Subscriptions

Subscriptions are the receiving side of IBM MQ publish/subscribe. A publisher emits once; the queue manager evaluates every active subscription; each match produces a put to a destination queue. Subscriber applications keep using MQGET—they rarely read the topic directly. DEFINE SUB (or application-defined dynamic subs) records the topic pattern, durability, destination queue, and scope. This tutorial explains subscription objects, managed versus unmanaged destinations, durable behavior, wildcards, SUBID and sub name, cluster propagation, capacity planning when fan-out grows, and administration commands beginners use daily.

How a Subscription Routes Messages

When a publication arrives with topic string retail/order/shipped, the pub/sub engine compares it to each subscription TOPICSTR. Sub A might be retail/order/shipped exactly; Sub B might be retail/order/#; both match. Sub C on retail/customer/# does not. For each match, MQ enqueues a new message on DEST. Persistence, expiry, and message size follow publish options and queue attributes—fan-out multiplies disk and CPU when ten subscribers match a large persistent payload.

Important subscription attributes
AttributeRole
TOPICSTRTopic string or wildcard pattern to match
DESTQueue name receiving matched publications
DESTTYPEQUEUE (typical) or other destination types per platform
DURSUBYES for durable; NO for application-scoped non-durable
SUBSCOPEQMGR, ALL, or ASQMGR—where subscription is visible
SUBTYPEADMIN (permanent MQSC sub) vs API (application created)

Explainer: Managed Subscriptions

In JMS, Session.createDurableSubscriber often results in a managed subscription: the queue manager creates a system queue name and tracks it. Administrators see DISPLAY SUB(*) with DEST names they did not define manually. Unmanaged subscriptions suit MQI shops that want fixed queue names like AUDIT.FINANCE.SUB1 for monitoring and backup. DEST must exist (or be auto-created per options) before publications flow; starting the subscriber app without a sub definition yields silence.

Durable vs Non-Durable

Durable subscriptions (DURSUB YES) support applications that disconnect overnight but must not miss events—inventory sync, compliance audit. The queue manager retains the subscription record; messages accumulate on DEST while the app is down, subject to queue MAXDEPTH. Non-durable fits ephemeral UI clients that only care about live ticks. Administrative DEFINE SUB with DURSUB YES is common for server-side consumers; client SDKs may create dynamic non-durable subs. After queue manager restart, durable admin subs reload from the repository; verify your platform behavior for API-created subs in release notes.

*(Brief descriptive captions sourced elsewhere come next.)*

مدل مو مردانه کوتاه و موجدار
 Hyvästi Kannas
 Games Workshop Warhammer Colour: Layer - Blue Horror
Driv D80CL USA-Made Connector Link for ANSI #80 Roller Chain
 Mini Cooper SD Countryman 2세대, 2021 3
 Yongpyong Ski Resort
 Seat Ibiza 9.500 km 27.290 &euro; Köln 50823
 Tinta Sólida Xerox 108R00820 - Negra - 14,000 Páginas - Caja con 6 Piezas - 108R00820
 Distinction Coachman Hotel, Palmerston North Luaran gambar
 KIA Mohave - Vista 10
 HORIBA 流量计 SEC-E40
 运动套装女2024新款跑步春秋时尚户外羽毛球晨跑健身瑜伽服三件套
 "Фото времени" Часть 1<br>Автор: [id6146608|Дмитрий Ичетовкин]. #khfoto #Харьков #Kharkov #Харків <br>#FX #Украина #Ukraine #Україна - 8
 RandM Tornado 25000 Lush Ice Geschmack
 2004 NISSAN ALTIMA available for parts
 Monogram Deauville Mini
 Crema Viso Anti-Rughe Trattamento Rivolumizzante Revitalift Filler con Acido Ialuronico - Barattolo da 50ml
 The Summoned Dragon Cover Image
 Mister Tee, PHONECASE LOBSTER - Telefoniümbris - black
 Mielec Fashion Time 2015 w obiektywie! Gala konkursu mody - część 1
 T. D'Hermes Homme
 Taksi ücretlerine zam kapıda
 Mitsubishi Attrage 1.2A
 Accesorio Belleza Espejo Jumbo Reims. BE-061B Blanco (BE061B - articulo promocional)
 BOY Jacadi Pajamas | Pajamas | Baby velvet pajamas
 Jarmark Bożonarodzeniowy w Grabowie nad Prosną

Wildcards in Subscriptions

  • + matches exactly one topic level: finance/+/done matches finance/payment/done.
  • # matches zero or more trailing levels: finance/# matches finance/payment and finance/payment/done.
  • Overlapping subs both receive copies if both match—deduplication is not automatic.
  • Design teams document allowed wildcard breadth to avoid accidental enterprise-wide taps.

Cluster Subscriptions

In clusters, subscriptions may propagate so publications on QM_A reach a subscriber on QM_B. SUBSCOPE and cluster topic definitions must align. Troubleshooting cluster pub/sub often starts with DISPLAY SUB on both queue managers and verifying cluster topic TOPTYPE CLUS. Network partitions can leave stale subscription knowledge until REFRESH CLUSTER or repository recovery.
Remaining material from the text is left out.